(PROVIDED RECORDS Opens)
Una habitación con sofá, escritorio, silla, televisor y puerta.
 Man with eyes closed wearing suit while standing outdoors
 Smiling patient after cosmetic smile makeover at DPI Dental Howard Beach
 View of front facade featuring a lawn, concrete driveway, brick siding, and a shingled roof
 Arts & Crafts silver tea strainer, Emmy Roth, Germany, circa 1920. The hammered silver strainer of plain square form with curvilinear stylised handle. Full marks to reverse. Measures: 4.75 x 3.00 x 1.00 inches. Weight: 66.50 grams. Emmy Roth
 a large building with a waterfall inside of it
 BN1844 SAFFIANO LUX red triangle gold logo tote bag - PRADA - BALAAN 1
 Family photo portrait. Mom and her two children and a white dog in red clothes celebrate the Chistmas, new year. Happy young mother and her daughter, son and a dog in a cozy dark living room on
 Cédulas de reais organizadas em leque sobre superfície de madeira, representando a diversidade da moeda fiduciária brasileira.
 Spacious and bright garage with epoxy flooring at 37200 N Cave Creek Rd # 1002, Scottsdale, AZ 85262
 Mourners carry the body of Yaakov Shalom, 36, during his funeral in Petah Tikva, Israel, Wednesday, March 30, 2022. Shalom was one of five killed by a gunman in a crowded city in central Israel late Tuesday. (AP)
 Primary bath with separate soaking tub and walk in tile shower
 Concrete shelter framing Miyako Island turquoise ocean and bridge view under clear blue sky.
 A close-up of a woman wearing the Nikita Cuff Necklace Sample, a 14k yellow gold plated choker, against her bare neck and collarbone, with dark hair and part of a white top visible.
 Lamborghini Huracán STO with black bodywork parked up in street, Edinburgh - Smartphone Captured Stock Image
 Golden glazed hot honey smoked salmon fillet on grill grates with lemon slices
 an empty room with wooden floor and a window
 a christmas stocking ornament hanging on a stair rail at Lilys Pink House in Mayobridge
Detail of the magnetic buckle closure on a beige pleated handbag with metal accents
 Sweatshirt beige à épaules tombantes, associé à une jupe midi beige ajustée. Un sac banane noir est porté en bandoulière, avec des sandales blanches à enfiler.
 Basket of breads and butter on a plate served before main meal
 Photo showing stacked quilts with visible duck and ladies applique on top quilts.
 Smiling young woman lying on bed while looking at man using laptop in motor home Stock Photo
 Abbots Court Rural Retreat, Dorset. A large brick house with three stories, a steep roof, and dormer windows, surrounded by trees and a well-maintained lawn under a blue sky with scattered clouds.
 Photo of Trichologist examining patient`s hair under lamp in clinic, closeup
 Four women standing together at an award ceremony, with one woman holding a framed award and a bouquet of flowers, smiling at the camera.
(PROVIDED RECORDS Closes)
> **YOUR INSTRUCTIONS**
Every single entry is to be retyped exactly.

> **ANSWER AREA**
Una habitación con sofá, escritorio, silla, televisor y puerta.
 Man with eyes closed wearing suit while standing outdoors
 Smiling patient after cosmetic smile makeover at DPI Dental Howard Beach
 View of front facade featuring a lawn, concrete driveway, brick siding, and a shingled roof
 Arts & Crafts silver tea strainer, Emmy Roth, Germany, circa 1920. The hammered silver strainer of plain square form with curvilinear stylised handle. Full marks to reverse. Measures: 4.75 x 3.00 x 1.00 inches. Weight: 66.50 grams. Emmy Roth
 a large building with a waterfall inside of it
 BN1844 SAFFIANO LUX red triangle gold logo tote bag - PRADA - BALAAN 1
 Family photo portrait. Mom and her two children and a white dog in red clothes celebrate the Chistmas, new year. Happy young mother and her daughter, son and a dog in a cozy dark living room on
 Cédulas de reais organizadas em leque sobre superfície de madeira, representando a diversidade da moeda fiduciária brasileira.
 Spacious and bright garage with epoxy flooring at 37200 N Cave Creek Rd # 1002, Scottsdale, AZ 85262
 Mourners carry the body of Yaakov Shalom, 36, during his funeral in Petah Tikva, Israel, Wednesday, March 30, 2022. Shalom was one of five killed by a gunman in a crowded city in central Israel late Tuesday. (AP)
 Primary bath with separate soaking tub and walk in tile shower
 Concrete shelter framing Miyako Island turquoise ocean and bridge view under clear blue sky.
 A close-up of a woman wearing the Nikita Cuff Necklace Sample, a 14k yellow gold plated choker, against her bare neck and collarbone, with dark hair and part of a white top visible.
 Lamborghini Huracán STO with black bodywork parked up in street, Edinburgh - Smartphone Captured Stock Image
 Golden glazed hot honey smoked salmon fillet on grill grates with lemon slices
 an empty room with wooden floor and a window
 a christmas stocking ornament hanging on a stair rail at Lilys Pink House in Mayobridge
Detail of the magnetic buckle closure on a beige pleated handbag with metal accents
 Sweatshirt beige à épaules tombantes, associé à une jupe midi beige ajustée. Un sac banane noir est porté en bandoulière, avec des sandales blanches à enfiler.
 Basket of breads and butter on a plate served before main meal
 Photo showing stacked quilts with visible duck and ladies applique on top quilts.
 Smiling young woman lying on bed while looking at man using laptop in motor home Stock Photo
 Abbots Court Rural Retreat, Dorset. A large brick house with three stories, a steep roof, and dormer windows, surrounded by trees and a well-maintained lawn under a blue sky with scattered clouds.
 Photo of Trichologist examining patient`s hair under lamp in clinic, closeup
 Four women standing together at an award ceremony, with one woman holding a framed award and a bouquet of flowers, smiling at the camera.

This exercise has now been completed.